WHAT TO PRODUCE> Below are records; the lines starting at the one with "BINH DUONG NEW" and ending at the one with "SWM斯威汽车 SWM斯威X3 2020款 1.5L 手动超值型 7座" must be reproduced exactly, both included. Pictures must not appear.

EXERCISE INPUTS>

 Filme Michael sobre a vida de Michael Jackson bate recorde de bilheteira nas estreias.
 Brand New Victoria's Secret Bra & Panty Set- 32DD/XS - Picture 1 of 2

* * *

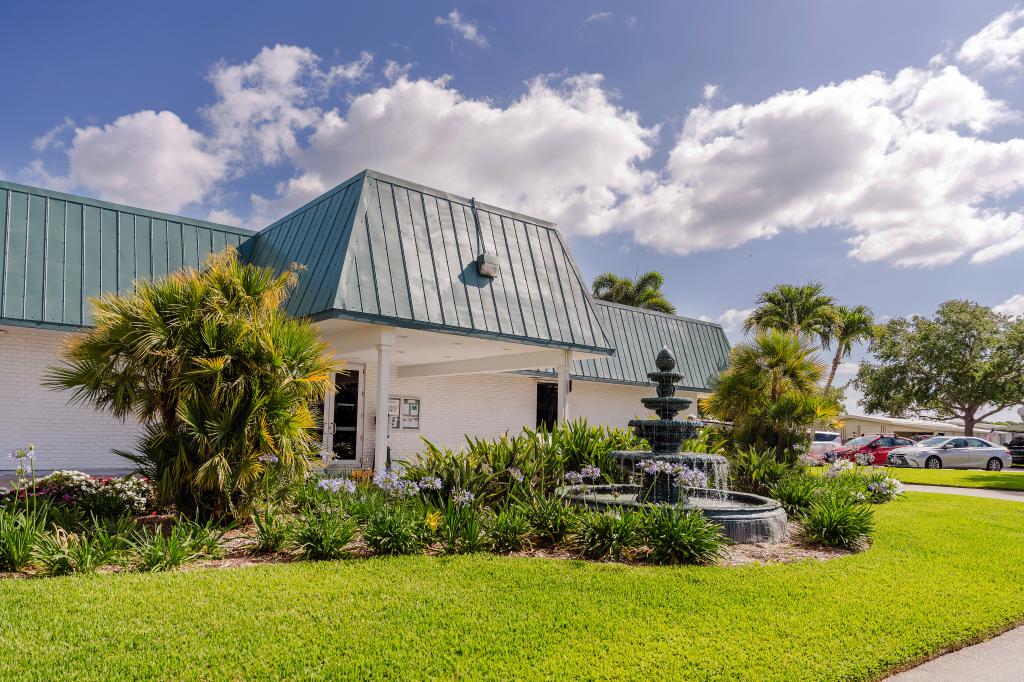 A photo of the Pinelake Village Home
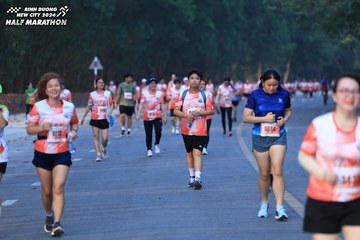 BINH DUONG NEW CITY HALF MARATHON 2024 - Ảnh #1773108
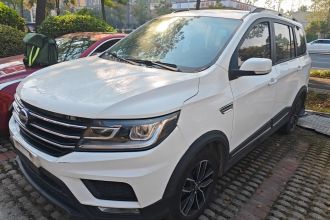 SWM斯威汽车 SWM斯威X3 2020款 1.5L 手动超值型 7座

RESULT>
 BINH DUONG NEW CITY HALF MARATHON 2024 - Ảnh #1773108
 SWM斯威汽车 SWM斯威X3 2020款 1.5L 手动超值型 7座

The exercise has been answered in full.